Looking through the data, please report how many lines contain the string "Work", giving nothing but the number.

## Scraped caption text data
◆ ◆ ◆ ◆ ◆

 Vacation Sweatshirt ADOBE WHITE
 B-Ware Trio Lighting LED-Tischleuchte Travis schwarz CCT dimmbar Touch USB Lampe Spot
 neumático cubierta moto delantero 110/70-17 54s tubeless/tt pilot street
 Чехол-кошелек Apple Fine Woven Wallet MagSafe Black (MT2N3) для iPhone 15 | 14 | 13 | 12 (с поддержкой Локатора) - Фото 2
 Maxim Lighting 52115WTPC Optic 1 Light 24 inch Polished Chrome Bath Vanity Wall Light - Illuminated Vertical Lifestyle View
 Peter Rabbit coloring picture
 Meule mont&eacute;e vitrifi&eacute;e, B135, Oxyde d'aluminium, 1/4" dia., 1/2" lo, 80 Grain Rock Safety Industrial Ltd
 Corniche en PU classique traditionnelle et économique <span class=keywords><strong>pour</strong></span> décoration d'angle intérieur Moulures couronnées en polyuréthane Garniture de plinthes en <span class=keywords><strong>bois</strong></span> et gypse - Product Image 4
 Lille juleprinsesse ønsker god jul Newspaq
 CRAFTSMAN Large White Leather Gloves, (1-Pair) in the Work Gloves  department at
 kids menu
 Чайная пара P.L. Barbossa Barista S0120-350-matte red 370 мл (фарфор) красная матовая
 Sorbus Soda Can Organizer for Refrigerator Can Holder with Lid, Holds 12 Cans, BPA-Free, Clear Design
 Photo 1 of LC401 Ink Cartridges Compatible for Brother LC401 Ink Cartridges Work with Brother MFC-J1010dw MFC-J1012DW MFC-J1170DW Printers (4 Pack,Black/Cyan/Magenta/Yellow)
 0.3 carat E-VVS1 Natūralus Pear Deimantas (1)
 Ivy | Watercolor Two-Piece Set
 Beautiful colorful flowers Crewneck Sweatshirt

◆ ◆ ◆ ◆ ◆

## RESPONSE BELOW
2